I pushed my way passed Falko's frozen frame and slapped the older man in the face. The necromancer recoiled in pain, screaming. And so did I as a spike drove itself into my left eye, the pain of a knife stabbed through my right hand. I glanced up to see Falko looking at me, his resigned face gone and replaced by one of surprise. I nodded.

The necromancer reached for the pin I'd jabbed into his eye with his free hand. With a quick swing, Falko removed it with his axe, the hand dropping to the floor with a wet thud. The necromancer still screamed, trying to pull the pin free from his eye with the bloody stump of his amputated hand. Falko rested the axe on his shoulder while his free hand held another ball of fire. A maniacal grin spread across his face, a contagious one too as I felt his glee spread to my own face. "The Council doesn't arrive until morning. It's only a couple hours away but, trust me, with the experience we just had we know how to make even one hour feel like an eternity."

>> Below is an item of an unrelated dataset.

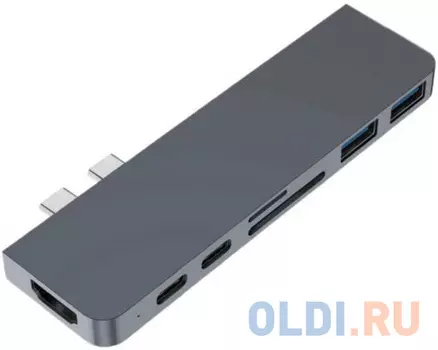 USB Хаб Hyper HyperDrive DUO 7-in-2 Hub для USB-C MacBook Pro/Air. Порты: Порты: HDMI (4k 60Hz), 2 x USB-A, Micro SD, SD, 1x USB-C PD 100W, 1x USB-C PD 60W. Цвет серый космос.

The axe head swung and I felt it bite into my shoulder, just deep enough to hit bone but not to sever it. Flames scorched my face, melting flesh down to the jaw bone. Like with Falko, I did nothing to numb the necromancer's pain. In fact, I turned up the pain sensitivity as far as I could, causing the necromancer to scream even louder, while ensuring the shock didn't kill him. Through the pain, I felt my own face mirror the same smile on Falko's face. Falko was right, I thought, closing my eyes and embracing the pain, we were in for a long night.



Inspired by a very, very old Reddit Writing Prompt about being attacked by zombies when your specialty magic is healing. And by very old, probably one of the first ones I saw when I started responding to prompts. Wait, you're thinking, why are you only posting this now? Well, this story, like "The Cape" was one of the those stories that I got really carried away with, so instead of ever posting the story, it sat in my head unfinished in other notebooks. Then, since I was writing all those other zombie stories recently, I figured now was a good time to finally get it done. I'm pretty happy about the middle section of the story (I even did research, sort-of, of different body parts that were attacked by the zombies). If this were something I was submitting for publication or getting paid to write, yeah, there's things I'd go back to fix-up. That beginning, we should've gotten more of a look at the 4 students and who they were. Probably introducing the necromancer's motivations, and where the damn faculty disappeared off too that put the four kids in charge of castle defense. If I understood more about mental health (or bothered with research) that ending shouldn't have been so rushed, maybe introduce more about PTSD  and trauma than what I added in there real quick. But those can be added in if I ever find someone looking for a short zombie story, which by the way this already comes in at almost 4800 words (why I split into 3 parts) and if I added everything else, I'm guessing closer to 6000 words which is way too long for these blog posts.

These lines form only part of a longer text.